# Annotate single-step GUI grounding dataset

With AgentStudio, you can easily create a dataset with **single-step UI grounding**, consisting of tuples of <screenshot, instruction, bbox (left, top, width, height)>.

## Local annotator

Local annotator requires at least two screens (one for recording, and one for annotation):

```bash
as-annotate-ground --local_monitor_idx 1 --record_path recordings
```

## Remote annotator

You can also annotate on another machine with VNC:

```bash
as-annotate-ground --record_path recordings --remote --vnc_server_addr 127.0.0.1 --vnc_server_port 5900 --vnc_password 123456
```

The address and port are set in the [docker setup](./install.md).

## Usage

Follow the steps below to complete the annotation process as guided by the status bar. Although this interface cannot directly interact with the device, you can operate outside of this interface to navigate (on another screen (local), or through a VNC viewer (remote)).

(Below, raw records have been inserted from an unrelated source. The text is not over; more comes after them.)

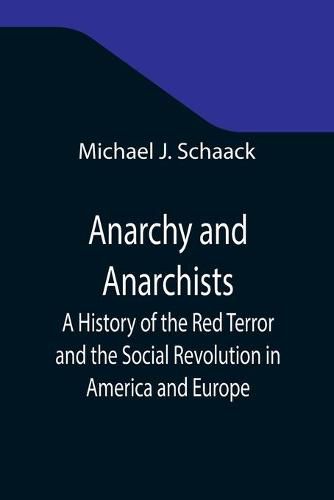 Cover image for Anarchy and Anarchists; A History of the Red Terror and the Social Revolution in America and Europe; Communism, Socialism, and Nihilism in Doctrine and in Deed; The Chicago Haymarket Conspiracy and the Detection and Trial of the Conspirators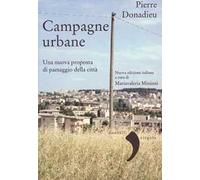Campagne urbane. Una nuova proposta di paesaggio della città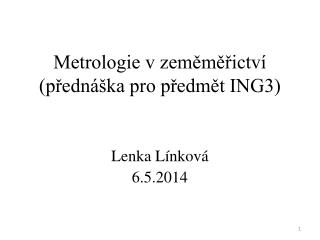 Metrologie v zeměměřictví (přednáška pro předmět ING3)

**Step 1**: The left section of the window will stream the display from the specified `--local_monitor_idx` provided in your command. Click 'Capture' to take a screenshot. This will stop the streaming and display your screenshot on the left side.

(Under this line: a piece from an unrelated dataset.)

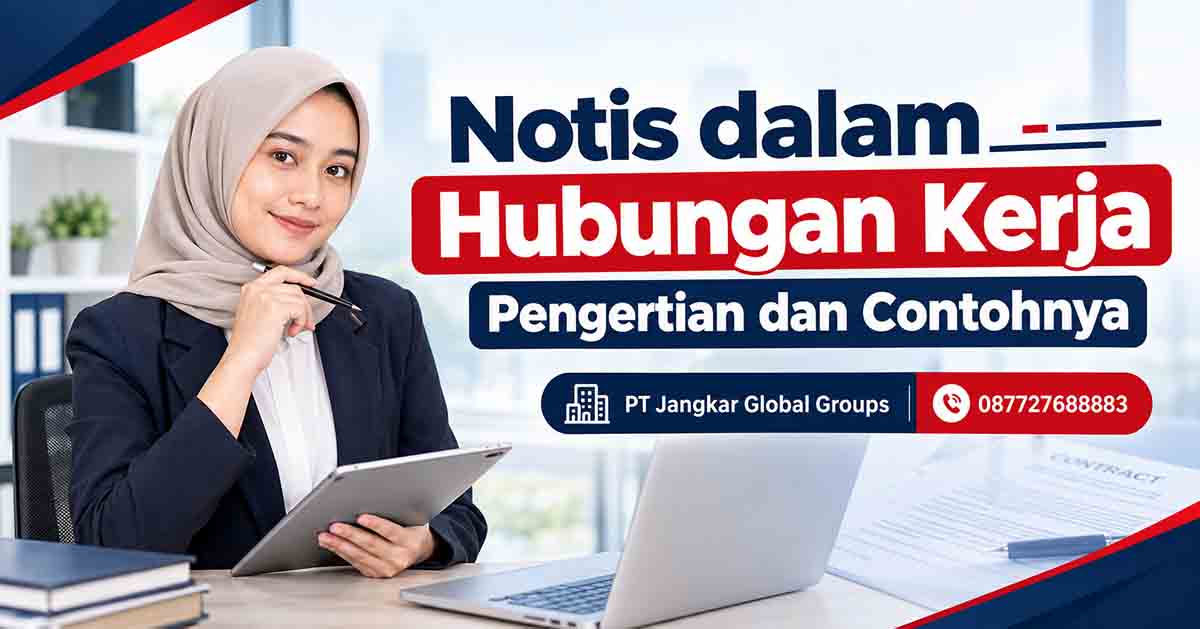 Notis dalam Hubungan Kerja Pengertian dan Contohnya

![](assets/annotate_gui_1.jpg)

**Step 2**: After capturing the screenshot, you will be prompted to input instructions and draw a bounding box. Click on any point in the left side and drag the mouse to create the bounding box.

![](assets/annotate_gui_2.jpg)

**Step 3**: Once you've completed Step 2, click 'Save' to add your screenshot and annotation to a JSONL file (specified by `--record_path` in your command).

**Step 4**: Click 'Reset' to annotate another data point. This will bring you back to Step 1.